Притихли все дома. Разговаривать боялись. Джайдар сняла с кизячных углей чайник, заварила покрепче, принесла в кувшине воды, дала мужу руки помыть. Расстелила чистую скатерть, конфеты даже откуда-то достала, масла топленого положила в тарелку желтыми ломтиками. Пригласили сакманщиц и сели пить чай. Ох, уж эти бабы! Пьют себе чай из пиал, разговоры разговаривают всякие, будто в гостях сидят. Молчал Танабай, а после чая вышел и стал укладывать обвалившиеся камни загона. Работы тут невпроворот. Но хоть что-то надо было сделать, чтобы загнать овец на ночь. Вышли женщины и тоже взялись за камни. Даже девчонки силились подносить их.
— Бегите домой, — сказал им отец.
Стыдно было ему. Таскал камни, не поднимая глаз. Правду говорил Чоро: не будь Джайдар, не сносить Танабаю головы своей бедовой…
16
На другой день съездил Танабай подсобить перекочевке своих подшефных, а потом всю неделю работал не покладая рук. Не помнил даже, когда так доводилось, разве что на фронте, когда оборону строили круглыми сутками. Но там — со всем полком, с дивизией, с армией. А здесь — сам, жена да одна из сакманщиц. Вторая пасла овец поблизости.

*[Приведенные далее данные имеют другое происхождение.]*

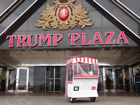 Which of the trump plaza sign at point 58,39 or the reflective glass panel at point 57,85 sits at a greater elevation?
the trump plaza sign at point 58,39

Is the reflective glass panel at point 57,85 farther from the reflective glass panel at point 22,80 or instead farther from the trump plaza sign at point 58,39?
the trump plaza sign at point 58,39

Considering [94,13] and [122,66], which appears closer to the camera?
[94,13]

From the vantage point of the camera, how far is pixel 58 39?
39.1ft

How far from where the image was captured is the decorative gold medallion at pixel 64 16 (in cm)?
1210

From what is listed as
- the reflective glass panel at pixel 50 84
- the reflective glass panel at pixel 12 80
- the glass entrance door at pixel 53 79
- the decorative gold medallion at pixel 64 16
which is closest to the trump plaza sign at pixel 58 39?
the decorative gold medallion at pixel 64 16

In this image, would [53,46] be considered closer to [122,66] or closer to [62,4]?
[62,4]

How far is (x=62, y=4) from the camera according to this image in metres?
12.6

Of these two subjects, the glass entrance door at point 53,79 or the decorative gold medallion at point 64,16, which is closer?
the decorative gold medallion at point 64,16

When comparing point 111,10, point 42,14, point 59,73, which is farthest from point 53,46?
point 59,73

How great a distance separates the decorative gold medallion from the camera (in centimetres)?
1210

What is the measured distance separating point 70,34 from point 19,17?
→ 3.83 m

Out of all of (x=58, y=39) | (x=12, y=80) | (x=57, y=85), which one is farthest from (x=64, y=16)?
(x=12, y=80)

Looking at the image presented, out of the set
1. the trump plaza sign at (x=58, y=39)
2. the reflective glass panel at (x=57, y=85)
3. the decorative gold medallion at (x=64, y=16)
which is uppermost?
the decorative gold medallion at (x=64, y=16)

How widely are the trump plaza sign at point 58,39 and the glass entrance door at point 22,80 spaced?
8509 mm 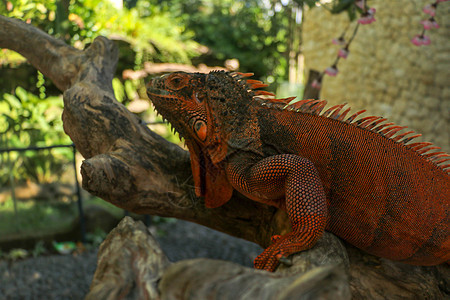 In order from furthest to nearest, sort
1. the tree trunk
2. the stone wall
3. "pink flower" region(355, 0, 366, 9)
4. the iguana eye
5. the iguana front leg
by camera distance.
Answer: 1. the stone wall
2. "pink flower" region(355, 0, 366, 9)
3. the iguana eye
4. the iguana front leg
5. the tree trunk

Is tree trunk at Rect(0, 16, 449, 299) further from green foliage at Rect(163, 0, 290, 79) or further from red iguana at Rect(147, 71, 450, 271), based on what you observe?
green foliage at Rect(163, 0, 290, 79)

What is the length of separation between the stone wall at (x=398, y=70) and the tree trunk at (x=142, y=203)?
234 inches

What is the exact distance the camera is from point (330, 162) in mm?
2234

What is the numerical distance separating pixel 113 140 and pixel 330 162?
1.48 m

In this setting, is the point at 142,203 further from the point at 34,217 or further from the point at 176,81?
the point at 34,217

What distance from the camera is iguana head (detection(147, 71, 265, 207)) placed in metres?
2.26

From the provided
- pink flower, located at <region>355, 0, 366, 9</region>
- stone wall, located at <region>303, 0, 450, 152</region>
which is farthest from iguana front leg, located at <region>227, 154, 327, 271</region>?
stone wall, located at <region>303, 0, 450, 152</region>

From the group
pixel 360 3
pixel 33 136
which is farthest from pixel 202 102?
pixel 33 136

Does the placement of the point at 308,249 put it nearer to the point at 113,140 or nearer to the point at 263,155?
the point at 263,155

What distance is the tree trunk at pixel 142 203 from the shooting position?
4.47ft

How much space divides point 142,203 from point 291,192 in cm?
108

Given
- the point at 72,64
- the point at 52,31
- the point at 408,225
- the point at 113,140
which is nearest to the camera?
the point at 408,225

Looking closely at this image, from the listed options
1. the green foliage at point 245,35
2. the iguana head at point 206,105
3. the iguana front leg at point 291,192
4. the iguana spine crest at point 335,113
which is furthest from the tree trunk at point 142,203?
the green foliage at point 245,35

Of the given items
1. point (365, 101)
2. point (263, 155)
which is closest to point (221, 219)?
point (263, 155) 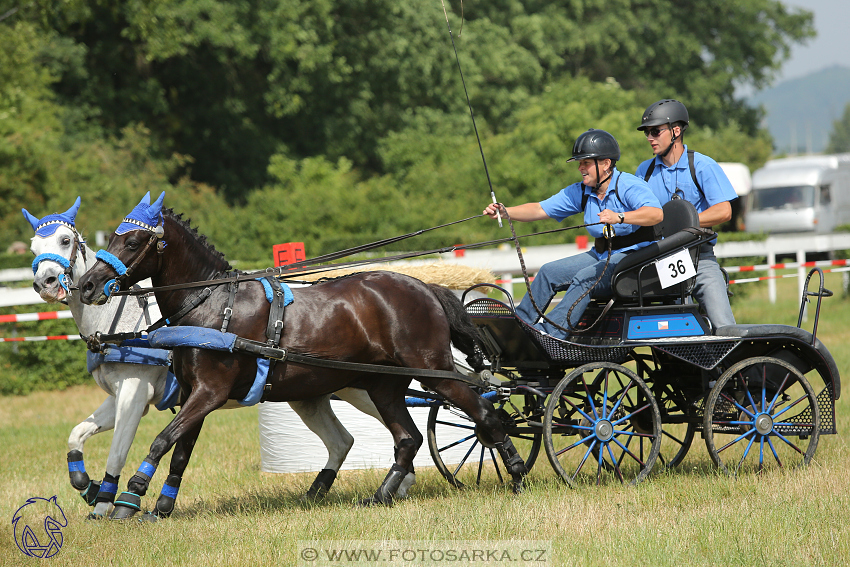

Труднее всего пришлось с очисткой кошары от навоза и рубкой шиповника. Заросли оказались густые, сплошь в колючках. Сапоги все изодрал Танабай, шинель солдатскую свою доконал — вся в клочьях висела на нем. Нарубленный шиповник связывали веревками и тащили волоком, потому что на лошадь не навьючишь, и на себе не утащишь — колючки. Чертыхался Танабай — долина Пяти Деревьев, а от них и пяти пеньков не сыщешь. Согнувшись в три погибели, обливаясь потом, волокли они этот проклятый шиповник, дорогу им проборонили к кошаре. Жалко было Танабаю женщин, но ничего не поделаешь. И работалось неспокойно. Времени в обрез, и на небо надо поглядывать — как там? Повалит снег, тогда и это все ни к чему. И все заставлял старшую дочурку бегать к отаре — узнавать, не начался ли окот.
А с навозом и того хуже. Тут его было столько, что за полгода не вынести. Когда под хорошей крышей лежит сухой, утрамбованный овечий навоз, то работать с ним даже приятно. Слитными, плотными кусками отделяется вырубленный пласт. Его складывают сушиться большими штабелями. Жар овечьего кизяка приятен и чист, как золото, им и обогреваются чабаны в зимние холода. Но если навоз полежал под дождем или под снегом, как тут, то нет ничего более тяжкого, чем возиться с ним. Каторжная работа. А время не ждало. Ночью, засветив чадящие фонари, продолжали они выносить на носилках эту холодную, липкую, тяжелую, как свинец, грязь. Вот уже вторые сутки.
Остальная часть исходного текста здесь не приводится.